2. **perform some spot checks** of what you think is being saved
   to make sure your data is indeed being backed-up.

.. _selective backup location:

Where backups are
^^^^^^^^^^^^^^^^^

A user can access backup files on the login nodes of the cluster
from the following paths:

.. table::
   :widths: 15,85
   :class: noscroll-table

   +------------------------------------------------------+-------------------------------+
   | Where                                                | What                          |
   +======================================================+===============================+
   | /sbak/zvolX/backups/UCInetID/data/homezvolX/UCInetID | user $HOME                    |
   +------------------------------------------------------+-------------------------------+
   | /sbak/zvolX/backups/UCInetID/pub/UCInetID            | /pub/$USER/                   |
   +------------------------------------------------------+-------------------------------+
   | /sbak/zvolX/backups/UCInetID/DELETED-FILES           | deleted files by date         |
   |                                                      | (counts towards backup quota) |
   +------------------------------------------------------+-------------------------------+
   | /sbak/zvolX/logs/$DATE/UCInetID                      | backup logs by date,          |
   |                                                      | available for the past Y days |
   +------------------------------------------------------+-------------------------------+

.. note:: | The :tt:`X` in :tt:`/sbak/zvolX`  maps to the volume number shown in your :tt:`$HOME` variable. In other words:
          |     /data/homezvol0 ->  /sbak/zvol0/backups
          |     /data/homezvol1 ->  /sbak/zvol1/backups
          |     /data/homezvol2 ->  /sbak/zvol2/backups
          |     /data/homezvol3 ->  /sbak/zvol3/backups
          | The number of days :tt:`Y` is defined by :tt:`HPC_KEEP_DELETED=Y` in your :tt:`.hpc-selective-backup`

.. _selective backup recovery:

Deleted Files Recovery
----------------------

.. note:: | Deleted files and directories can be recovered provided they exist in the selective backup.
          | You have to be on a login node to access backup files.

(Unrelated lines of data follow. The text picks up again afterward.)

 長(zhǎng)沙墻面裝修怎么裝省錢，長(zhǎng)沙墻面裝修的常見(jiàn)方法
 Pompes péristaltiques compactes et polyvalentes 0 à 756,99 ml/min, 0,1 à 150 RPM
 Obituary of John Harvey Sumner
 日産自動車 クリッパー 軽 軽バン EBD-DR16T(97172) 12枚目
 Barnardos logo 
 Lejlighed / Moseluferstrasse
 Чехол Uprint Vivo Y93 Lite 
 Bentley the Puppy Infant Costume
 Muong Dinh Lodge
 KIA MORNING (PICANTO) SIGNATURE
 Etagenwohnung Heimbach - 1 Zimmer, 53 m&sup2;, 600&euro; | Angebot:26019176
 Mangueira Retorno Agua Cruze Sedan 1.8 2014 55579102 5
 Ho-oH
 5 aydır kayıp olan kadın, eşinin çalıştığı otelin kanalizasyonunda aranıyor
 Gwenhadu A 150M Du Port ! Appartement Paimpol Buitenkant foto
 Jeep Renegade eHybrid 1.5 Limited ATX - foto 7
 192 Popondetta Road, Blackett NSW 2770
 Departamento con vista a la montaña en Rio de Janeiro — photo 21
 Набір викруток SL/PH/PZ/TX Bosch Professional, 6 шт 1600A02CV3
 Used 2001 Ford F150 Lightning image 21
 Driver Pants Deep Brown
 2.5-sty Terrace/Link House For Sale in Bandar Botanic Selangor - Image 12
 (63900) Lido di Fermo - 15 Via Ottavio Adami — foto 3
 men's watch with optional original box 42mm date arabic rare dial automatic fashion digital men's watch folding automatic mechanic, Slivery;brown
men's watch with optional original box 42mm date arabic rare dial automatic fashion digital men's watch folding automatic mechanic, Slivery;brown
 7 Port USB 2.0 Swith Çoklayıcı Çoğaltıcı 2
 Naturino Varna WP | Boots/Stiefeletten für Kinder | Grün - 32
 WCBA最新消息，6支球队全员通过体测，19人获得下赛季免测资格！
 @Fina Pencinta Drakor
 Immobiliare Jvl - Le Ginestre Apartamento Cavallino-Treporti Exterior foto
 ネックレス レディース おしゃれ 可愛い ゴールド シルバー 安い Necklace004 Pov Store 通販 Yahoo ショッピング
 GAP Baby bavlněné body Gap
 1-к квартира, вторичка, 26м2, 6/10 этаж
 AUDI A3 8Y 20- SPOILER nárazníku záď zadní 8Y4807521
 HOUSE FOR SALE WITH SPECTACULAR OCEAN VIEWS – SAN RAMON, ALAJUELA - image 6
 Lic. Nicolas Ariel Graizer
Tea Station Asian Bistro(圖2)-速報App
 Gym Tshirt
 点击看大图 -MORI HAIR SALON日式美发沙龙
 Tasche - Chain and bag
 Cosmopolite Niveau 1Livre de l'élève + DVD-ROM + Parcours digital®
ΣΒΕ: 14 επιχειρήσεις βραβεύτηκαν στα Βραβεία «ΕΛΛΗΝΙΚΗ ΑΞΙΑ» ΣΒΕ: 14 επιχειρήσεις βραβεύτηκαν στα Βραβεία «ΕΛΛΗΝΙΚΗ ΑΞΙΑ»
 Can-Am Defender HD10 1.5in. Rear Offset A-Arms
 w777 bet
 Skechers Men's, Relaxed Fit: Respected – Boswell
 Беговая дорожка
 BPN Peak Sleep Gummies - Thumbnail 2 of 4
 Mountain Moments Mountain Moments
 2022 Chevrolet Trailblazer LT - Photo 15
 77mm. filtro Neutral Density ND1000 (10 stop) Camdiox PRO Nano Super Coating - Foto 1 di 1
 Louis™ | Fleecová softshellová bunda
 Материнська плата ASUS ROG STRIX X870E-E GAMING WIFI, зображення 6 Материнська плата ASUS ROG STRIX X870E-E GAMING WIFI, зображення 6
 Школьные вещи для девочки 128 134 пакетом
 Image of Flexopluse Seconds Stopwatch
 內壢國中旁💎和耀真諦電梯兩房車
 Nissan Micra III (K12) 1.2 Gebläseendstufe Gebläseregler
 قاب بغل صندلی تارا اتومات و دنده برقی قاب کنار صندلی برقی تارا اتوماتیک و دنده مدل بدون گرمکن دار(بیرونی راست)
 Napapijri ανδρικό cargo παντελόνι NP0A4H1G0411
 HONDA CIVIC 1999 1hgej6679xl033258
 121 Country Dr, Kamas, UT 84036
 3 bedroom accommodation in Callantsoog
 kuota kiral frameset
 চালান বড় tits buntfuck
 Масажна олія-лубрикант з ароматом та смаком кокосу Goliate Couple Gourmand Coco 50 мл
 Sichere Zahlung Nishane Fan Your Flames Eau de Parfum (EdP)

Below is a general procedure for user :tt:`panteater` to restore accidentally
deleted from :tt:`/pub/panteater` directory :tt:`spring-2022` and files in it.

.. code-block:: console

   $ cd /sbak/zvol0/backups/panteater/DELETED-FILES                  # 1
   $ find . -type d -name spring-2022                                # 2
   ./2024-0214/pub/panteater/spring-2022
   ./2024-0213/pub/panteater/spring-2022

   $ ls ./2024-0214/pub/panteater/spring-2022/                       # 3
   schedule1    schedule1.sub   slurm.template

   $ cp -p -r ./2024-0214/pub/panteater/spring-2022 /pub/panteater   # 4

The above commands mean:

  1. The ``cd``  puts you at the top level of a backup directory for your files.
  2. The ``find`` finds all backups by date where the desired directory exists.
     Here, two snapshots are found by date: :tt:`2024-0214` and :tt:`2024-0213`.
  3. Run ``ls`` for the specific snapshot to see if it has needed files.
  4. | If needed files exists in the backup, user can use ``cp`` to copy the
       files back to the pub directory.  It is recommended to use ``-p`` and ``-r`` options:
     |    ``-p`` copy preserves the time stamp and the ownership of a file.
     |    ``-r`` *copy recursively*, this is needed when copying a directory and its contents.

One can restore in a similar way files and directories deleted from $HOME.